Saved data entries
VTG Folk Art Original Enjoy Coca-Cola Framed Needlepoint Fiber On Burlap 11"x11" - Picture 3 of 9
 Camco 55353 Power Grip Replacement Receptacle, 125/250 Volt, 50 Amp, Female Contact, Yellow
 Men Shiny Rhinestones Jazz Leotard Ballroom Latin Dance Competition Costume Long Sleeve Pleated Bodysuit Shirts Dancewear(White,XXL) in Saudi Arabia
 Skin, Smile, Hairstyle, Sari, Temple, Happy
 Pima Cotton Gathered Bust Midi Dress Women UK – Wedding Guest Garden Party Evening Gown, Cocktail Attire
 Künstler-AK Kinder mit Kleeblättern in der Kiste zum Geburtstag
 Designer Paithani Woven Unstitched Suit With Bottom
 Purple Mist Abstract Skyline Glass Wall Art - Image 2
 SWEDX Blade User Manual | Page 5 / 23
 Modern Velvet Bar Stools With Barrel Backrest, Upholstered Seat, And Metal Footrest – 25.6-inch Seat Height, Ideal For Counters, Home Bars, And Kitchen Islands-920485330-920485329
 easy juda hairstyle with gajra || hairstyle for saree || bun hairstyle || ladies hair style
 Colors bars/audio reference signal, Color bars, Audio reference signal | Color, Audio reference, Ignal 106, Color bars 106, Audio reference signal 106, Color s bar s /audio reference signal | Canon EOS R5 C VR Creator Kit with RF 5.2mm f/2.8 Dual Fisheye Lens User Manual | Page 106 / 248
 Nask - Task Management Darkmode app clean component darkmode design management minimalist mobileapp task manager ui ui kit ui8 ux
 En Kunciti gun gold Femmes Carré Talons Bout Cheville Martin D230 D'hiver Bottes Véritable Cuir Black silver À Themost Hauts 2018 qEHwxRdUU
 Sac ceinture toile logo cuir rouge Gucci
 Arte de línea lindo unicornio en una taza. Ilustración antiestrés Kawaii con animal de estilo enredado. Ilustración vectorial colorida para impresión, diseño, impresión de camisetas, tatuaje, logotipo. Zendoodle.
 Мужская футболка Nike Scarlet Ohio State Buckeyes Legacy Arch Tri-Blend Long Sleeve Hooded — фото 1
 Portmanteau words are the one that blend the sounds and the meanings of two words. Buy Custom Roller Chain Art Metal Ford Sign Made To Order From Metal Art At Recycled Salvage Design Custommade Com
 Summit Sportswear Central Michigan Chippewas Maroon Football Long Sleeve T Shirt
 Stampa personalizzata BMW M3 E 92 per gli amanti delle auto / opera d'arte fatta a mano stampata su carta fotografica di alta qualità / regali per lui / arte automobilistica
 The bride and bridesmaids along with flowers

### EXERCISE DETAILS
The expected answer is an exact copy of the lines above, beginning at the line with "Camco 55353 Power" and ending at the line with "easy juda hairstyle", with both ends in.

### TASK RESPONSE
 Camco 55353 Power Grip Replacement Receptacle, 125/250 Volt, 50 Amp, Female Contact, Yellow
 Men Shiny Rhinestones Jazz Leotard Ballroom Latin Dance Competition Costume Long Sleeve Pleated Bodysuit Shirts Dancewear(White,XXL) in Saudi Arabia
 Skin, Smile, Hairstyle, Sari, Temple, Happy
 Pima Cotton Gathered Bust Midi Dress Women UK – Wedding Guest Garden Party Evening Gown, Cocktail Attire
 Künstler-AK Kinder mit Kleeblättern in der Kiste zum Geburtstag
 Designer Paithani Woven Unstitched Suit With Bottom
 Purple Mist Abstract Skyline Glass Wall Art - Image 2
 SWEDX Blade User Manual | Page 5 / 23
 Modern Velvet Bar Stools With Barrel Backrest, Upholstered Seat, And Metal Footrest – 25.6-inch Seat Height, Ideal For Counters, Home Bars, And Kitchen Islands-920485330-920485329
 easy juda hairstyle with gajra || hairstyle for saree || bun hairstyle || ladies hair style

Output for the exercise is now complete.